Why do you think people struggle so much with career decision-making? What could parents and educators do differently to prepare young people to have better skills at this?
It comes down to personal power and knowing yourself. We have such a fear-based society, where people think they are lucky to have a job, whatever it is, and people think they have no power or control.
People don’t do enough work to decide what is most important to them and to take control of their own happiness. The current generation has had little practice making decisions because many of their parents have made all their decisions for them.
People get asked, “What do you want to be when you grow up?” and when they don’t know, they don’t know what to do. Instead, people should think in terms of what they like to do rather than job titles. If you like to “work with people,” where can you do that?
Parents and teachers could put less pressure on students to know what they want to do and instead help them with decision-making. It isn’t a conveyer belt from choosing a major to retirement. You can change your mind. You can change fields and jobs. You can use your skills differently. You can ask for a new role in your work. You can gain new experiences that will take you in a different career direction.
It all comes down to knowing yourself and knowing that you have an ability to make a change that will serve you. We aren’t a self-reflective society, and that makes things harder. There are two parts to career development: first planning and then execution. The resume is the execution part—it has to be targeted to the right audience. In career work, everyone wants to go directly to execution and skip the planning.
Some people think that trying to make a living in a creative career (vs. keeping the activity as a “sacred passion” or hobby) risks ruining the creative endeavor. Do you believe this? Why or why not?

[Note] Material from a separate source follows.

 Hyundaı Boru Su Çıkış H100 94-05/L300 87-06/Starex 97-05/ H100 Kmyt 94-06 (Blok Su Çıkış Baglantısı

Yes, it can be a risk. With any creative passion, there is a vicious side. Some people don’t have the tolerance for this. If you don’t want to market yourself, you have to pay someone to do it for you, and it doesn’t always work to hire someone.

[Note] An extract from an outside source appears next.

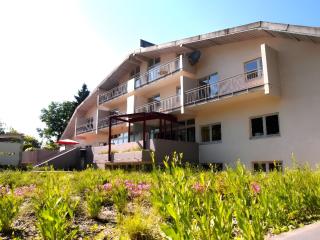 Apartments Im Sportpark - 9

For example, I worked with a pianist who stopped enjoying music once he made a career out of it. It is a valid decision to preserve your “sacred passion” rather than try to make your income from it. Know your motivation for doing something, and that can help you determine if you should make this a full-time career or not.
Can you give us an example of a client who learned how to make great decisions by working with you?
Yes. I run an intensive weekend workshop called Finding Your Calling: Making Connections Between Your Spirit and Your Work.
At one of these workshops, a participant’s passion was education, but he wasn’t happy in his career as a Washington, DC, lobbyist. He quit his job to go live in a farmhouse in the country. After going through my workshop and looking at some tangible steps, he did his homework exploring the options in his area and he ended up getting a position as the director of development for a small private school about 30 minutes from him.
When someone isn’t happy, it could be because they need a new boss or job, not just a new career.
Any other career advice that you would like to share with readers?
I’m an ENFJ on the Myers-Briggs Type Indicator (MBTI). My primary expertise is connecting passion with something real in the world, and I work with creative entrepreneurs and people who haven’t yet identified their passions but are motivated to do so. To do this, I use concepts from David Allen’s Getting Things Done: The Art of Stress-Free Productivity and other productivity theories. But you can’t be productive until you know what’s important to you. That’s why I work so hard on both sides of that equation.
Ken Mattsson is a career and professional development consultant and the founder of Resonare Consulting. He specializes in the connection between what your spirit wants to do in the world, and how to marry that to the work that you do in order to support yourself. While he works with people in all fields, he has significant expertise in working with creative entrepreneurs and the LGBTQ+ community.